Desde hacía muchos años lo veía circular por la plaza y, prácticamente, vivir en ella. Primero moviéndose por su propio pie, hasta que de pronto, un día, el hombre y la mujer que a menudo lo acompañaba habían aparecido desplazándose en sillas de ruedas. Ahora eran tres, unidos por los tetrabriks de vino blanco que se iban pasando de mano en mano, porque ya otro del grupo hacía tiempo que utilizaba una. Pero, mientras que los otros dos, de buenas a primeras, se presentaron en sendas sillas de ruedas, este fue sufriendo una evolución, comenzando con un vendaje en un pie que lo obligó a usar un bastón, hasta, tras un tiempo con el pie vendado, acabar un día sentado en la silla con una pierna menos.

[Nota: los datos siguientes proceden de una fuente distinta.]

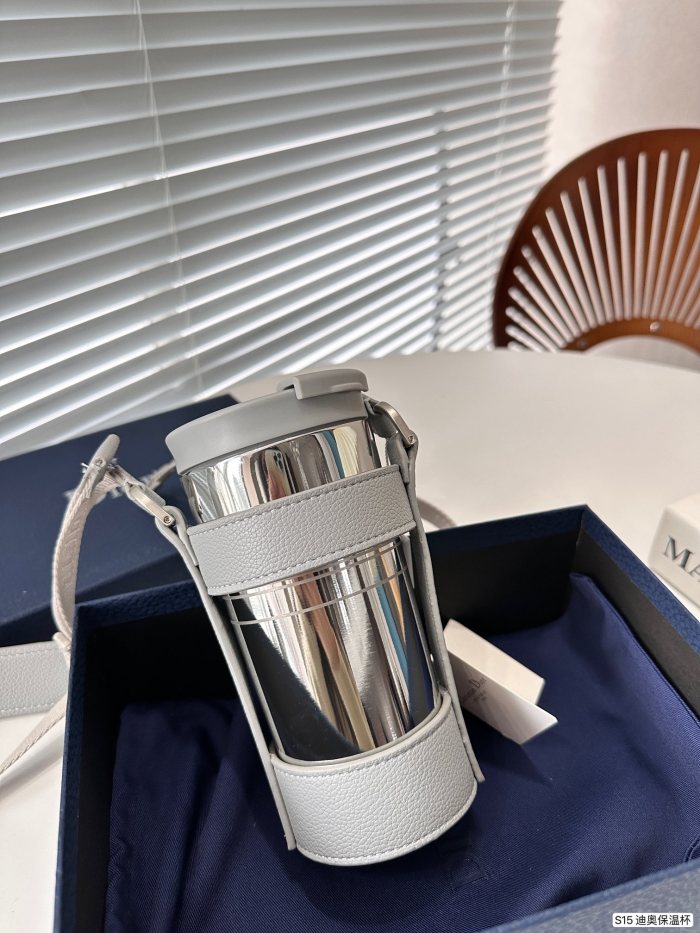 Dior Cup 006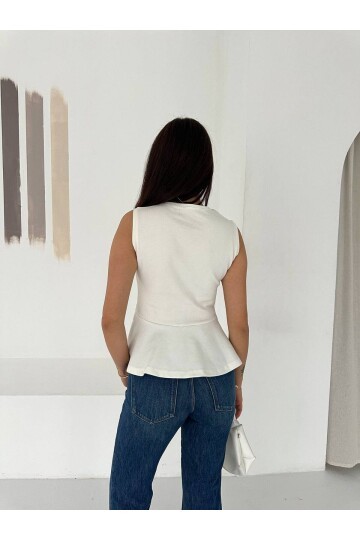 Kemer Detaylı Volanlı Beyaz Bluz – Şık ve Modern Kesim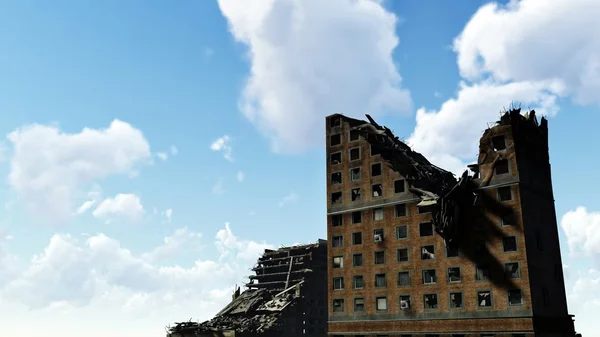 Κτίριο ερείπια εναντίον μπλε συννεφιασμένο ουρανό — Φωτογραφία Αρχείου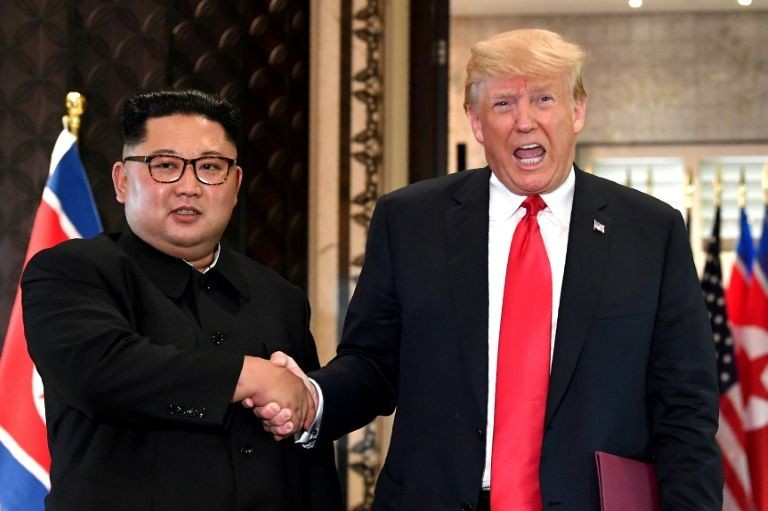 Tổng thống Mỹ và nhà lãnh đạo Triều Tiên.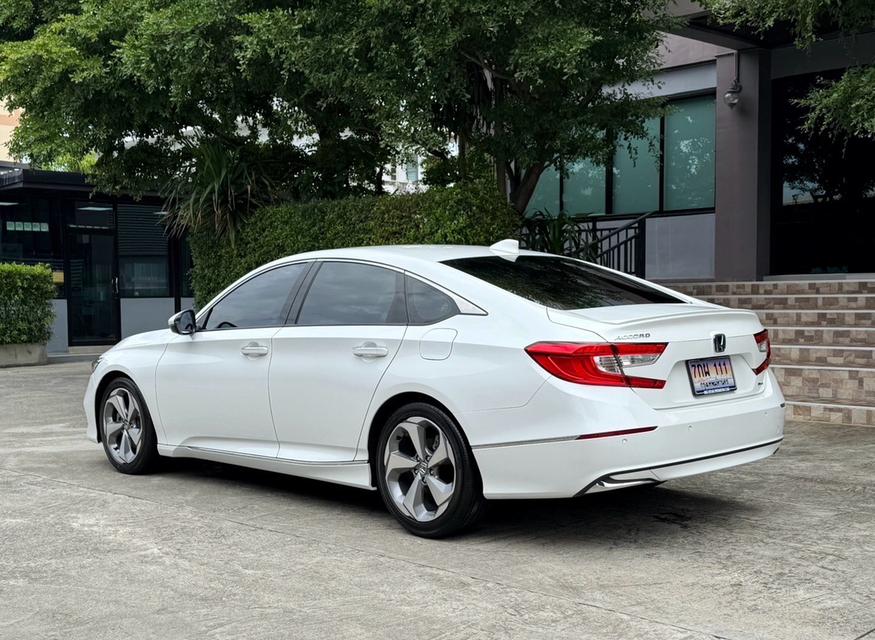 2022 HONDA ACCORD eHEV TECH รถมือเดียวออกป้ายแดง สภาพป้ายแดง รถวิ่งน้อยเพียง 20,000 กม ไม่เคยมีอุบัติเหตุครับ 6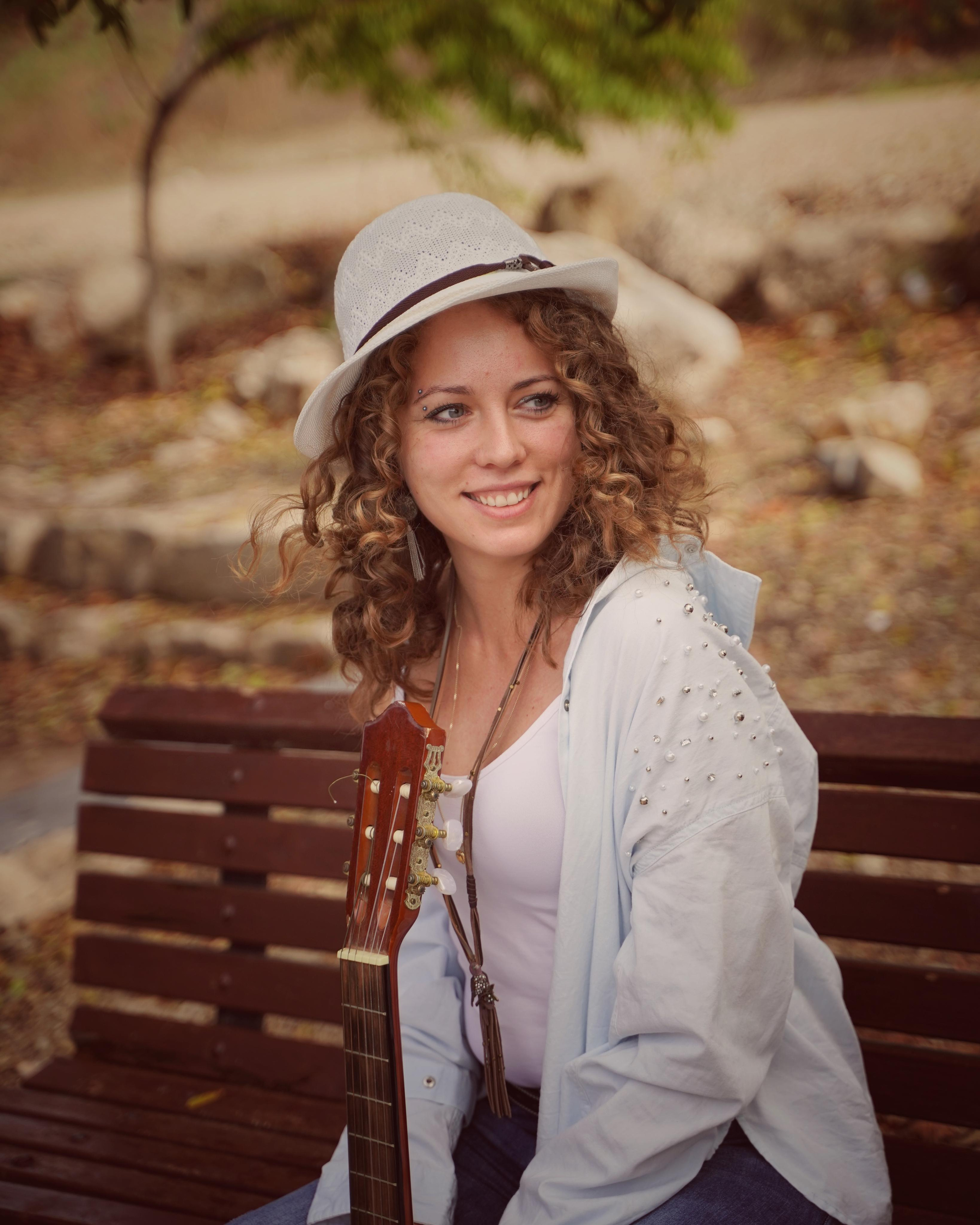 История одной гитары…. Фотограф. Визуал. Хайфа. Талья Цветкова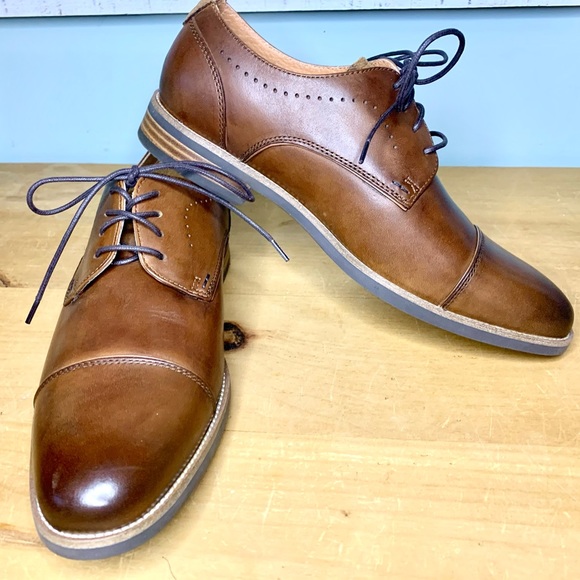 Florsheim Other - NWT & Box Florsheim Uptown Comfortech Cap Ox shoes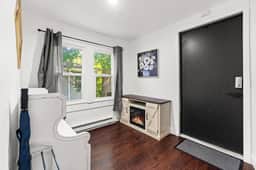 Brickhouse Apt w/Free Parking - Image 4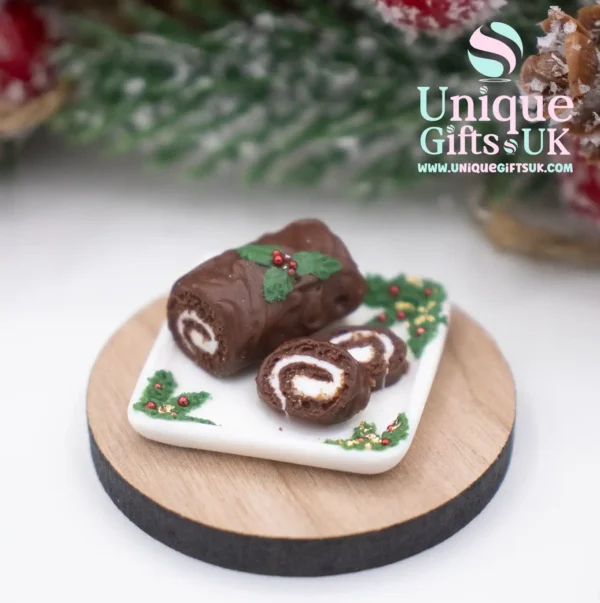 Miniature Sculpted Yule Log - Image 4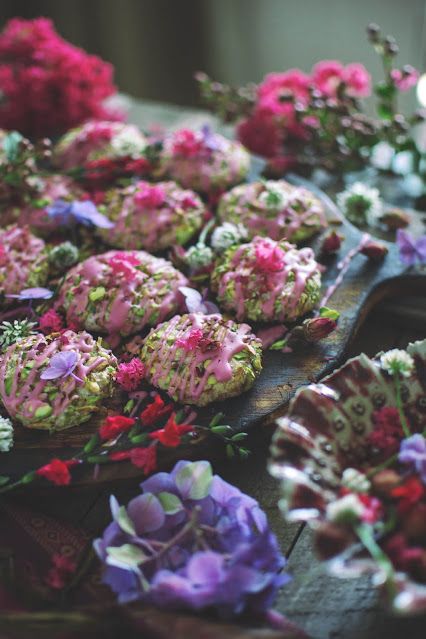 Rose Pistachio, Persian Desserts, Mushroom Supplements, Edible Flowers Recipes, Iranian Cuisine, Love Cookies, Persian Cuisine, Iranian Food, Almond Meal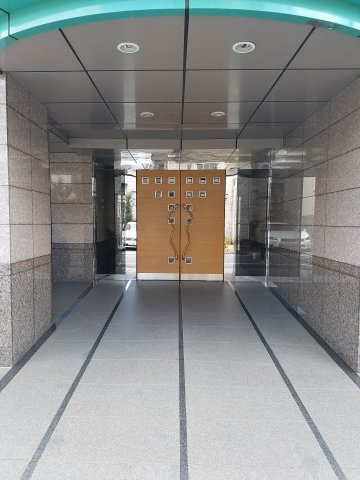 ディアナコート下北沢のエントランス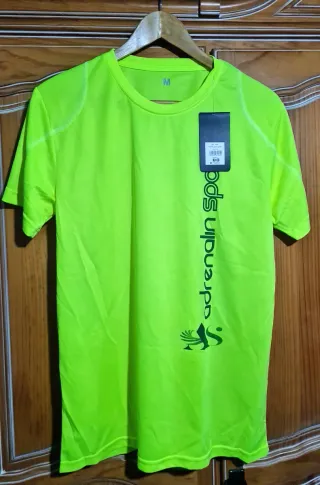 Camiseta verde talla M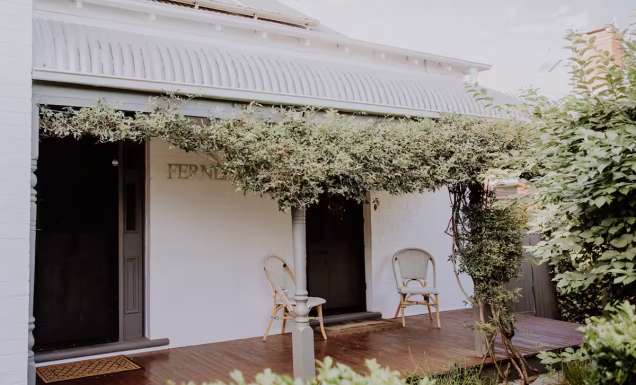 The white exterior of the Fernery accommodation in Dubbo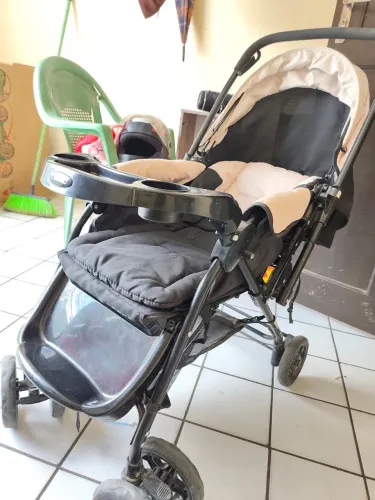 Carrinho de Bebê cosco kids + bebê conforto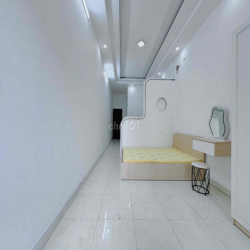 Cho thuê căn hộ studio tách bếp balcon full nt gần CV Lê Thị Riêng Q10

Yo jamás me había atrevido a cruzar una palabra, ni una sonrisa, ni siquiera una mirada, con ninguno de ellos, temeroso de que, al encontrármelos todos los días, se pudiera crear el más mínimo vínculo por el que me viera obligado a hacerlo cada vez que pasara junto a ellos. Hasta ahora, el interés que había despertado en mí la presencia de estos «vecinos», en grupo o aislados, a pesar de conocer sus más íntimos movimientos, observados y fotografiados desde las alturas, no difería en absoluto de la atracción que sentía por las actuaciones de los grupos de jóvenes marroquís saltimbanquis, de los músicos búlgaros o rumanos o de otros alcohólicos que pasaban temporadas en la plaza durmiendo, pidiendo cigarrillos o bañándose en la fuente. Toda mi curiosidad al examinar sus menores desplazamientos y aventuras desaparecía al encontrármelos cara a cara. Pero, inexplicablemente, aquel día me atreví a dirigirles la palabra, y le pregunté al tipo del sombrero por algo tan banal como por qué después de tantos años llevando esa redondeada barba canosa de pronto se la había afeitado.
¿Qué podía importarme a mí aquel hecho? ¡Podría haberle preguntado, por ejemplo, qué había pasado con su pierna, o de dónde era, o qué había sido de aquella guitarra que tenía! Pero no: preguntarle por su país de origen supondría una intromisión en su vida privada, y hacer mención de la guitarra que tocaba hacía años equivaldría a confesarle que lo conocía desde hacía mucho tiempo. Se me ocurrió que, preguntándole por su antigua barba, daba por sentado un conocimiento previo pero cercano en el tiempo, ya que solo hacía uno o dos días que se había afeitado. Yo no me até a él con una pregunta, simplemente le hice un comentario, sonriendo, casi de pasada, sin acercarme, implicándome solamente con una rápida mirada superficial. Pero fui consciente de las consecuencias de la ruptura de esa barrera que había existido entre ellos y yo, y que había caído hecha añicos a partir de esa tonta observación.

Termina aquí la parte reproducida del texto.